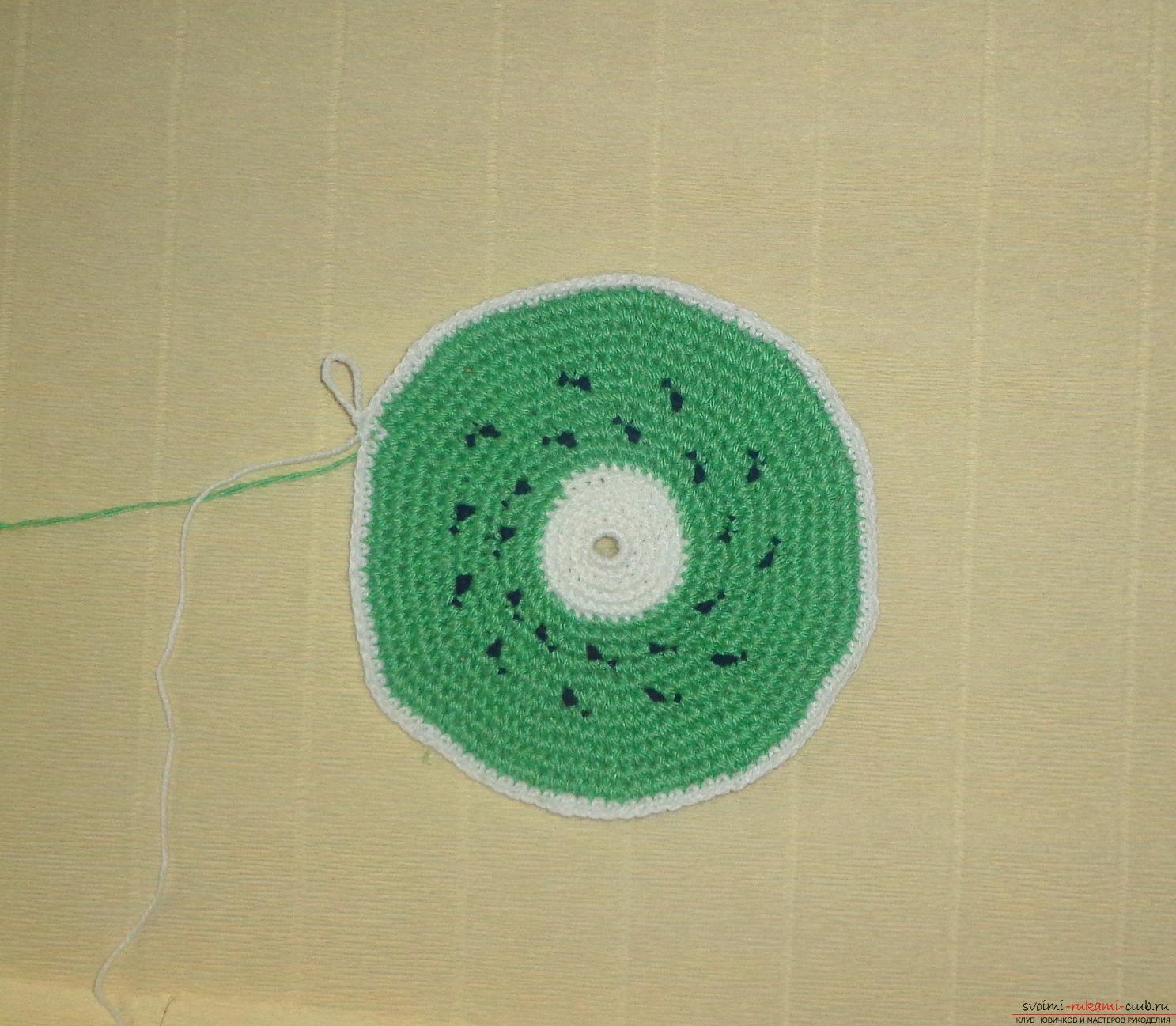 Crochet crochet lesson for hot Kiwi with a description of steps and photos. Photo №6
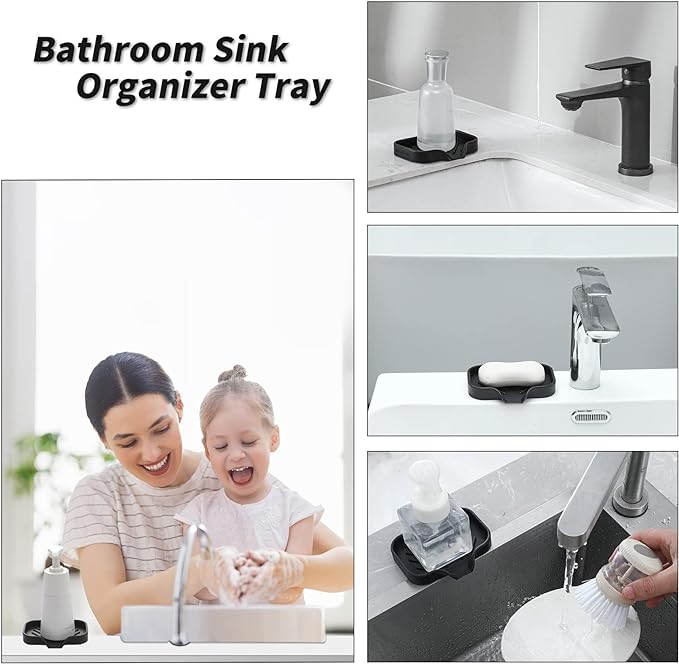 Silicone Bathroom Soap Dishes with Drain Spout-Bathroom and Kitchen Sink Organizer,Sponge Holder,Dish Soap Tray,Perfect for Dispenser,Scrubber,Bottle,Cup on Sink or Counter-Black 4.9"×3.2" - Bloomnest
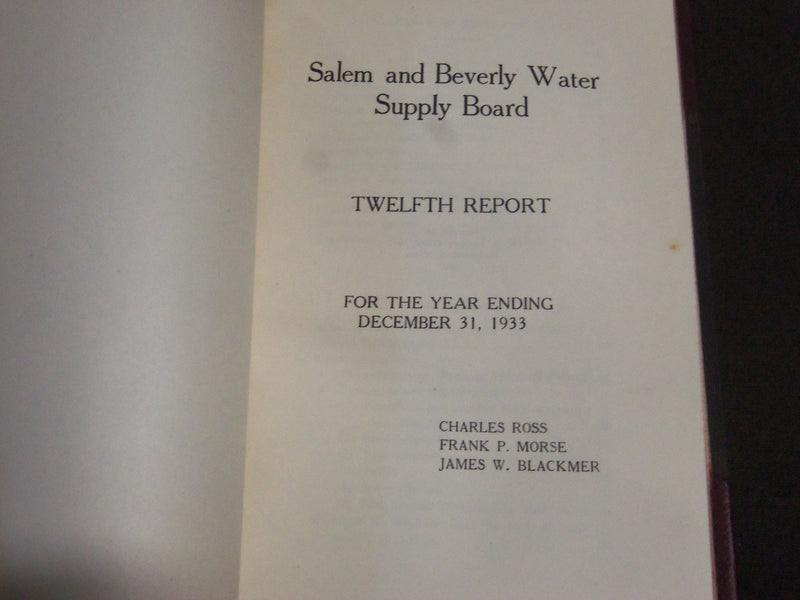 1931-1934 SALEM & BEVERLY WATER SUPPLY BOARD REPORTS 10-13 BOOK - KD 4158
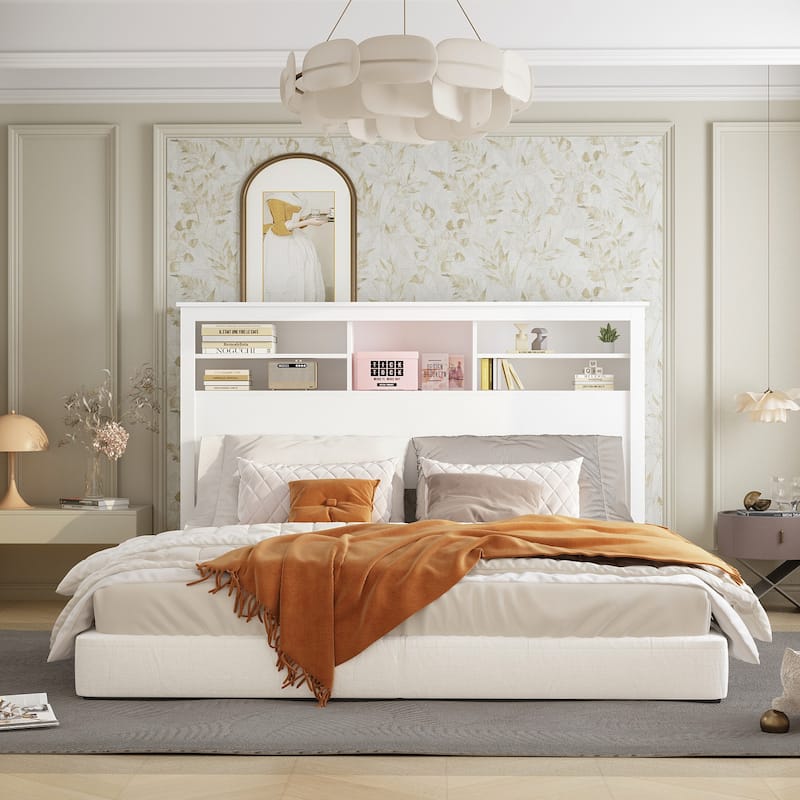 65"W x 43"H Bookcase Headboard With Light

___

— DESCRIPTION OF THE TASK —
Transcribe the lines above exactly, setting aside any picture among them.

— RESULT OF THE TASK —
 Crochet crochet lesson for hot Kiwi with a description of steps and photos. Photo №6
 Silicone Bathroom Soap Dishes with Drain Spout-Bathroom and Kitchen Sink Organizer,Sponge Holder,Dish Soap Tray,Perfect for Dispenser,Scrubber,Bottle,Cup on Sink or Counter-Black 4.9"×3.2" - Bloomnest
 1931-1934 SALEM & BEVERLY WATER SUPPLY BOARD REPORTS 10-13 BOOK - KD 4158
 65"W x 43"H Bookcase Headboard With Light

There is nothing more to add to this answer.